① 自称「お寺マニア」の市職員がつくった下地

第1回目の「しばた寺びらき」が開催されたのは2015年。その下地をつくったのが、その頃、新発田市 職員であった伊藤正仁さん。自ら「お寺マニア」と称す伊藤さんは、個人的な活動として2011年から「アサテラの会」という活動を始め、現在も会長を務めています。これは、毎月1回早朝、「お寺をめぐり、お寺の魅力を知る」ことを目的に、新発田市内を中心に異なる寺に集まり、お勤めに参加し、皆で朝粥をいただくというもので、今でも毎回20~30人の一般参加があるそうです。一方で、同時期、新発田市の産業企画室長として、主に中心市街地活性化のために歴史文化遺産や景観を活かせないかと、文化庁の補助事業である「文化遺産を活かした地域活性化事業」を推進していました。市内の歴史的建造物調査や、寺巡り冊子の制作、シンポジウム開催などを実施していましたが、3か年の補助事業の最終年度に伊藤さんは異動となってしまいます。この最終年度に生まれたのが「しばた寺びらき」でした。

第1回開催時には伊藤さんは異動となってしまっていましたが、第2回からは有志による実行委員会による主催へと形を変え、伊藤さんもこれに合流し、寺とのコミュニケーションづくりなどを支えています。当初は寺から「そもそも宗教法人がこのようなイベントを行うことに何の意味があるのか」「宗派も異なる複数の寺がこのような取組みを行うべきではない」といった否定的な意見もあったそうです。しかし、伊藤さんが2011年から始めていた「アサテラの会」でのつながり・関係性もあり、初年度は、7つの寺に賛同を得られ、そこから開始したそうです。また、伊藤さんは

寺は本来、あくまで宗教活動を行う場であることを分かった上で考えることが大事。

といいます。

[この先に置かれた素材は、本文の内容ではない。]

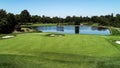 Golf course fairway, water hazard pond, sand bunkers, green with flag, lush green grass surrounded by trees against blue sky Royalty Free Stock Photo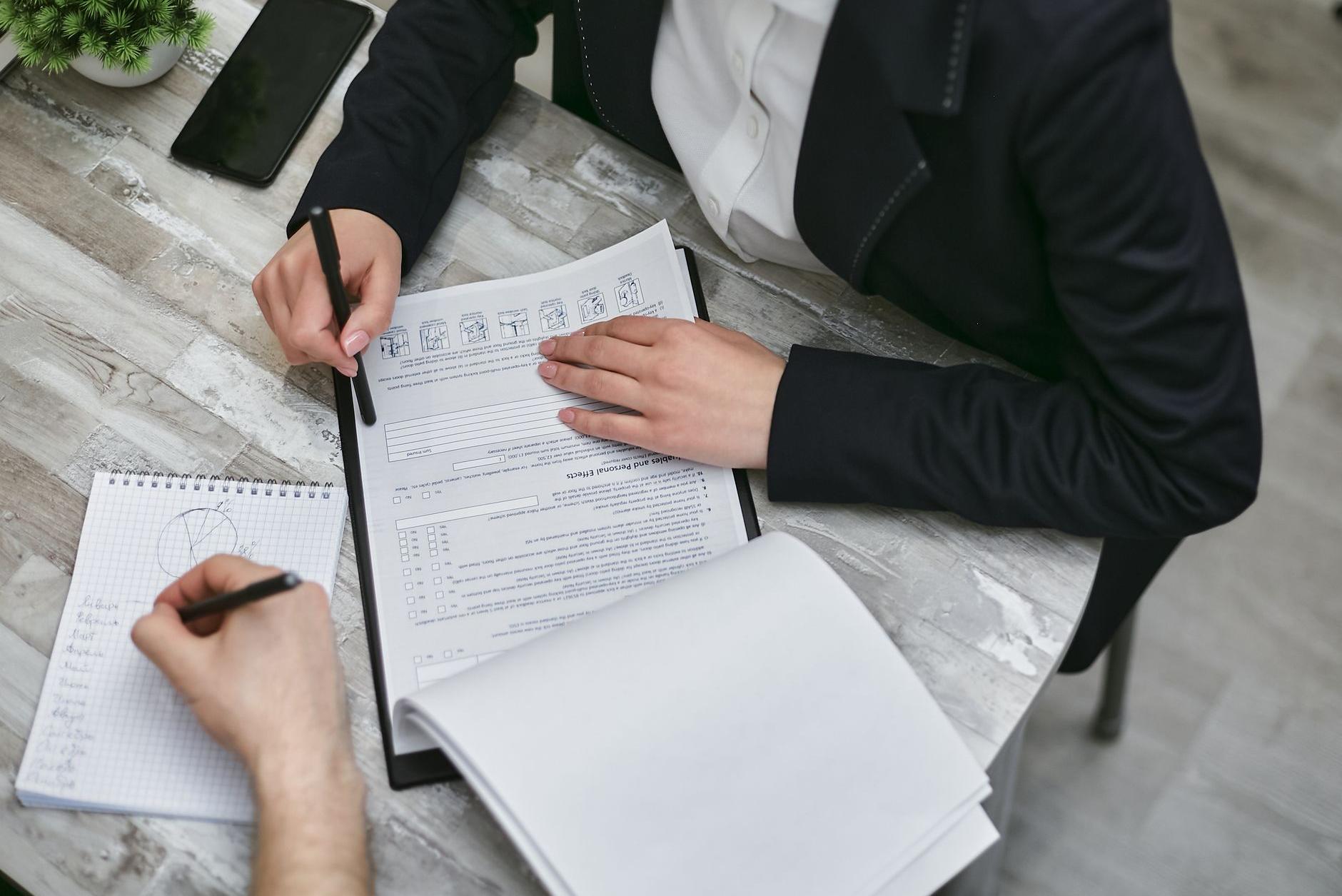 Two people at a table with a paper form and a notepad, one holding a pen over the form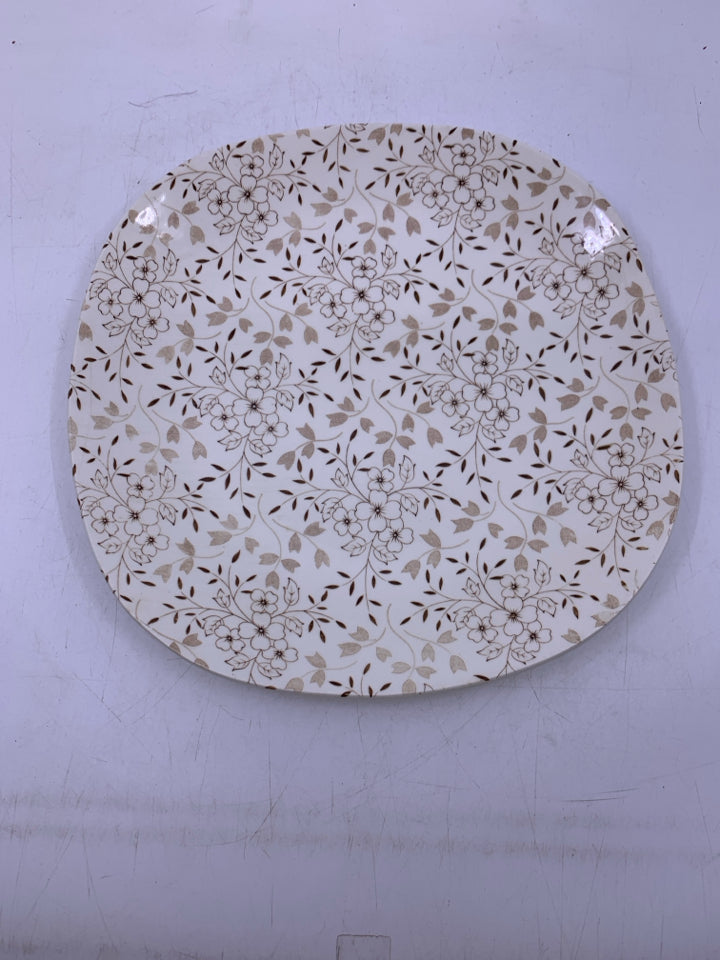 TAN FLORAL SQUARE ROUNDED PLATE.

イベントのコンテンツについては、寺の宗教的な体験を入れつつ、一方で宗教色が強くなりすぎないよう、バランスを取りながら考えているそうです。

② 寺だけでなく葬祭業も参加 そのメリットは?

伊藤さんの異動後も、第1回開催時から発起人として企画を中心的に進めた1人が、長徳寺 住職(当時30歳代後半、副住職)の関根正隆さん。関根さんは

これまでの寺は、檀家との付合いが中心であったが、少子高齢化や「寺ばなれ」が進む中、これからの寺はそれだけではいけない。まちの人に、寺に来てもらい、寺のことを知ってもらうことが、寺の存続につながる。寺にとって、地域・人との接点を持つイベントに参加するメリットは大きい。

といいます。実際、初年度に試してみると、多くの人が寺を訪れ、ほかの寺からも「やってみると、いいもんだね」という声があがり、参加する寺も増えていったといいます。関根さんのような、危機感や新しい感覚を持った、若い住職の行動力が、まわりの寺の賛同へと波及していったようです。

初期から中心的に取り組んできたもう1人は、株式会社花安 新発田斎場 代表取締役(当時30歳代前半、常務取締役)の渡辺安之さん。同社の16代目として葬祭業を営む渡辺さんですが、これからは葬祭業だけをやっていればいいわけではないとMBAを取得。

人・地域とのつながりがあり、地域が元気であってこその葬祭業である。

という考えのもと、様々な地域ビジネスを多角的に経営しています。開催の回数を重ねるごとに、事務局の負担が大きくなってきていた「しばた寺びらき」ですが、まさに、渡辺さんの志す、人と人をつなぎ、地域を元気にするイベントであり、第3回開催より事務局を担っています。LINEやSNSなどを活用した効率的な事務運営・広報なども取り入れ、さらには、ターゲティング、デザイン、リーシングなど、地域外からの来場を増やすためのブランディング戦略も進めています。どうりで、イベント全体がお洒落なわけですね。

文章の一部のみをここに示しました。